CosmétiCar : doubler son parc de franchisés à 10 ans

ouvrir une franchise cosmeticar

Autre enseigne historique du lavage automobile sans eau, CosmétiCar, qui a célébré l’an passé ses 20 ans, compte une centaine d’agences sur le territoire. « Nous nous sommes très fortement développés pendant et juste après la période Covid, puis nous avons tout naturellement ralenti ces dernières années, confie Florian Benoit, son CEO. Avec 100 agences au compteur, avons-nous atteint un plafond de verre ? Certainement, mais nous voulons continuer à nous développer sur le plus long terme, avec l’objectif de doubler le parc de nos agences franchisées dans les dix prochaines années en recrutant des partenaires qui veulent s’investir sur un temps long ». S’adressant uniquement à une clientèle BtoB (concessionnaires automobiles, garages, entreprises disposant d’un parc de véhicules, sociétés de transports…), les franchisés du réseau CosmétiCar doivent investir au départ, pour se lancer, une somme proche des 35 000 euros (HT), hors véhicule mais droit d’entrée compris. « Les profils de franchisés qui nous rejoignent sont larges, ils viennent d’horizons très divers. Mais attention, notre métier est physique, prévient Florian Benoit. C’est un métier de terrain, qui exige d’être dans l’opérationnel. Nous ne recrutons pas d’investisseurs. » Chiffre d’affaires annuel que peut espérer réaliser un partenaire CosmétiCar en unité mobile ? Entre 70 000 et 100 000 euros (HT).

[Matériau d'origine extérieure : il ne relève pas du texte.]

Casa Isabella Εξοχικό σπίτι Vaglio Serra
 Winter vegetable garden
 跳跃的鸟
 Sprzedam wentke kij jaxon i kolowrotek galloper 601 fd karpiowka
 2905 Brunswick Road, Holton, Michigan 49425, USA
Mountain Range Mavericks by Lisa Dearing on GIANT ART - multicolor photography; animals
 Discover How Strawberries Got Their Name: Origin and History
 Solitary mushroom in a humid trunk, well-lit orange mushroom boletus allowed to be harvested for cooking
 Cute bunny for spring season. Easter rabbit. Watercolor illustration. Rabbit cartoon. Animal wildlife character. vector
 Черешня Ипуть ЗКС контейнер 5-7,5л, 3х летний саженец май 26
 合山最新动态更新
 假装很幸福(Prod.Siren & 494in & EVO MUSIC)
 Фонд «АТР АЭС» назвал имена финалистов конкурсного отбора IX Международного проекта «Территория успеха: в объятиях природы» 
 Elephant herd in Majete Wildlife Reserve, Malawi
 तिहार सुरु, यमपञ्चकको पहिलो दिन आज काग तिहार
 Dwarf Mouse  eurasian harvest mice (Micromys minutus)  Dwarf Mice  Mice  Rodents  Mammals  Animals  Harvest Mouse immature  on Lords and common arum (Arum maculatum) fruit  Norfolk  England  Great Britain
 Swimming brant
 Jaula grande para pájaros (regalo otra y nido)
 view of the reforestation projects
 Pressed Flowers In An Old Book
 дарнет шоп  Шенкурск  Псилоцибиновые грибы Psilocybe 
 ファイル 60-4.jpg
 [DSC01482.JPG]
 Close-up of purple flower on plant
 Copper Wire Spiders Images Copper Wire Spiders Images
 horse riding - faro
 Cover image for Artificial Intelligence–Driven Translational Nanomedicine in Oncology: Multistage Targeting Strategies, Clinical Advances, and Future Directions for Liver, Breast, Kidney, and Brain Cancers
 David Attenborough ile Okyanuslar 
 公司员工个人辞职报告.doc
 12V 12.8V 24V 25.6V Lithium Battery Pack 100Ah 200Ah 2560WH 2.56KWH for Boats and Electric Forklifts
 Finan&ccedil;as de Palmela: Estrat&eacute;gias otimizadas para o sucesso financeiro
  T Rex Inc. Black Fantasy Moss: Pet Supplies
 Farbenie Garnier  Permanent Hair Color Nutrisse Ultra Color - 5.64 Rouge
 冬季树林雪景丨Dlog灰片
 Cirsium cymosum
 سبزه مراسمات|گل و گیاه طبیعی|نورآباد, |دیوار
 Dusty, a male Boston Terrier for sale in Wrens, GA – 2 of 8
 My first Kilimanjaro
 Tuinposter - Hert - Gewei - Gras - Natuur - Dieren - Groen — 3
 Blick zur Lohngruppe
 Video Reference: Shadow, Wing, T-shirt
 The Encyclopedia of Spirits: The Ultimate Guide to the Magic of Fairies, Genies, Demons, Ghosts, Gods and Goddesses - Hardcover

Lavage automobile : des professionnels de plus en plus fréquentés

Selon le réseau Éléphant Bleu, le parc français de 43 millions de véhicules génère chaque année 232 millions de lavages. Plus de la moitié sont réalisés chez des professionnels, une part en progression constante. Les automobilistes « privilégient les centres spécialisés pour leur proximité, la qualité de service, la disponibilité et des prix maîtrisés », indique-t-on chez Éléphant Bleu. La fréquence moyenne atteint six lavages par an pour les conducteurs attentifs à l’entretien, avec des usages plus intensifs chez les artisans et commerçants. Autant d’indicateurs confirmant l’attractivité du secteur pour les réseaux de franchise.